La ricostruzione dell’Ucraina, secondo le ultime previsioni, dovrebbe costare 750 miliardi di dollari e anche l’Italia dovrebbe essere coinvolta nel processo, unitamente alle altre potenze dell’Occidente. Il punto è: chi mette i soldi? UN argomento che è stato approfondito sull’edizione di mercoledì 6 luglio 2022 del quotidiano “La Verità”, per mezzo di un editoriale di Maurizio Belpietro, nel quale si sottolinea come a Lugano i leader politici si siano “spartiti” l’Ucraina. Infatti, l’incontro sulle rive del Ceresio è stato imperniato su come ricostruire le città rase al suolo o quasi dalle bombe sovietiche.

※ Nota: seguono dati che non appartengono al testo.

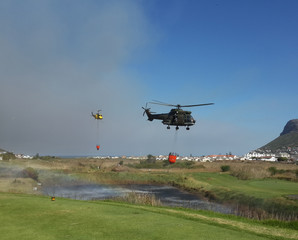 Helicopters Fighting Fire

Volodymyr Zelensky, presidente ucraino, ha sottolineato che una parte della cifra potrà essere recuperata impiegando i 300 miliardi di riserve russe congelate all’estero, ma anche se la soluzione da lui prospettata dovesse risultare attuabile, rimarrebbe comunque un gap di 450 miliardi di dollari da colmare e l’impresa non sembra così agevole. Belpietro si chiede: “Se l’area Ue entra in recessione, come a tutti gli effetti sta entrando per il combinato disposto dell’aumento dei prezzi delle materie prime e per il caro energia, come farà a sostenere lo sforzo di rimettere in piedi Kiev e dintorni? La risposta non c’è o perlomeno nel dibattito che si è svolto nel palazzo dei congressi della città ticinese nessuno si è preso la briga di chiarire quali siano le intenzioni”.

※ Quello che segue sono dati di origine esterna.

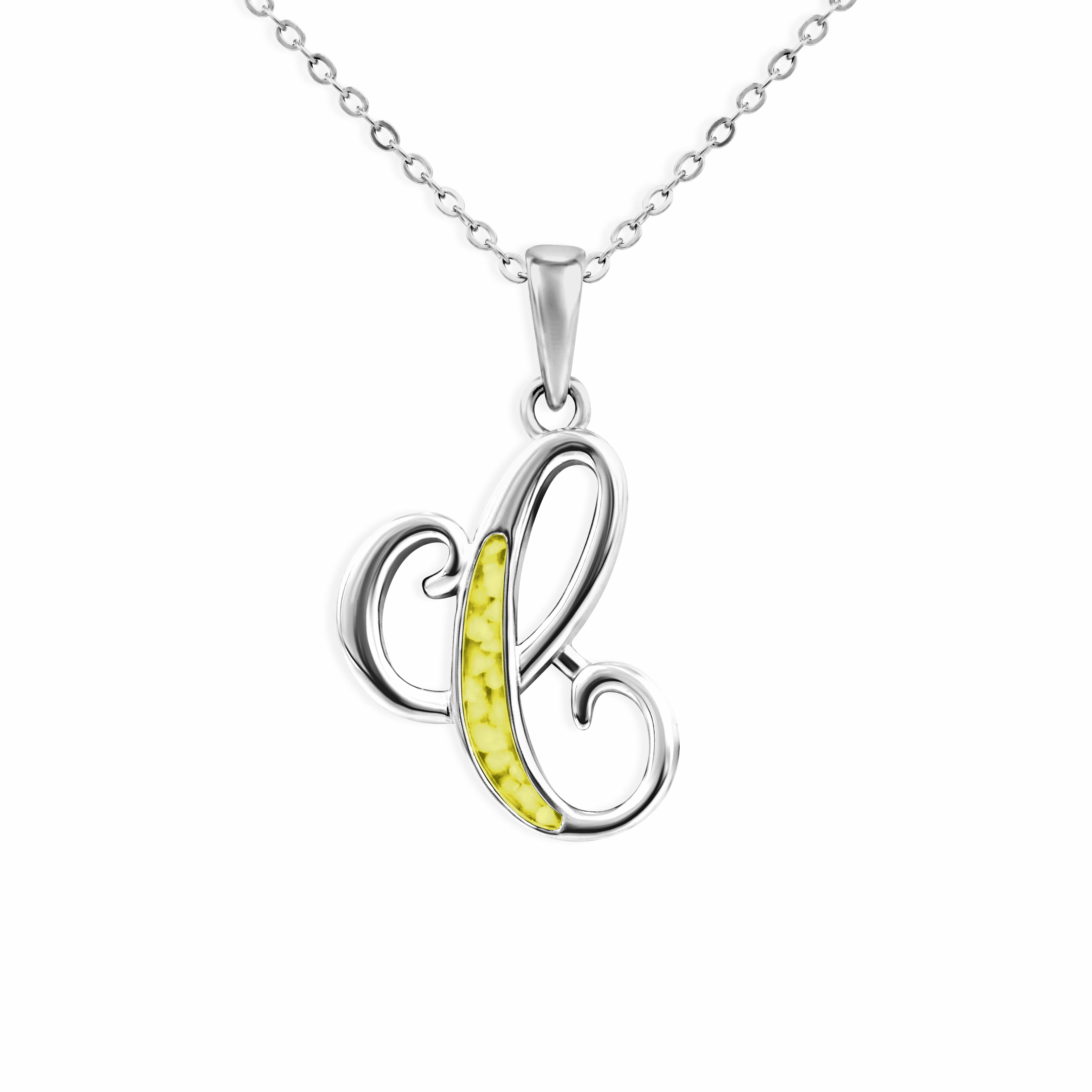EverWith Alphabet Memorial Ashes Pendant - Letter C Yellow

RICOSTRUZIONE UCRAINA: ECCO LA SPARTIZIONE DEI TERRITORI
Il premier ucraino, Denys Shmyhal, nel corso della conferenza in landa elvetica ha mostrato una cartina relativa alla spartizione dei territori dell’Ucraina da ricostruire tra le nazioni occidentali, ufficialmente denominata “adozione”. Secondo tale assegnazione, scrive “La Verità”, sarà l’Irlanda del Nord a occuparsi della regione di Rivne, la Germania di quella di Chernihiv, mentre il Canada di quella di Sumy. Turchia e Stati Uniti saranno a Kharkiv, Cechia e Finlandia nel Luhansk, il Belgio nella regione di Mykolaiv, Svezia e Paesi Bassi in quella di Kherson. La Svizzera si occuperà della regione di Odessa (ma la città finirà alla Francia, ndr), la Norvegia della regione di Kirovohrad, l’Austria della regione di Zaporizhzhia e, dulcis in fundo, l’Italia con la Polonia nel Donbass.

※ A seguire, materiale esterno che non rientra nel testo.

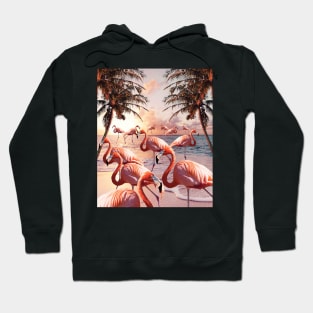 Flamingo Palm, Flamingos On Beach, Sunset Trees Hoodie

Di fatto, analizza Belpietro, “per non finire in mano ai russi, l’Ucraina finirà in mano a chi ricostruirà il Paese, concedendo diritti su materie prime o servizi che sono facilmente intuibili“, ma il punto è che “nel Donbass si muore e le città rase al suolo, prima di essere rifatte, dovranno essere riconquistate. Il che, vista la piega presa dalla guerra nel Sud Est del Paese, è tutt’altro che scontato. Forse è per questo che all’Italia hanno assegnato Donetsk? Per affidarci una mission impossible o per tagliarci fuori dalla ricostruzione?”.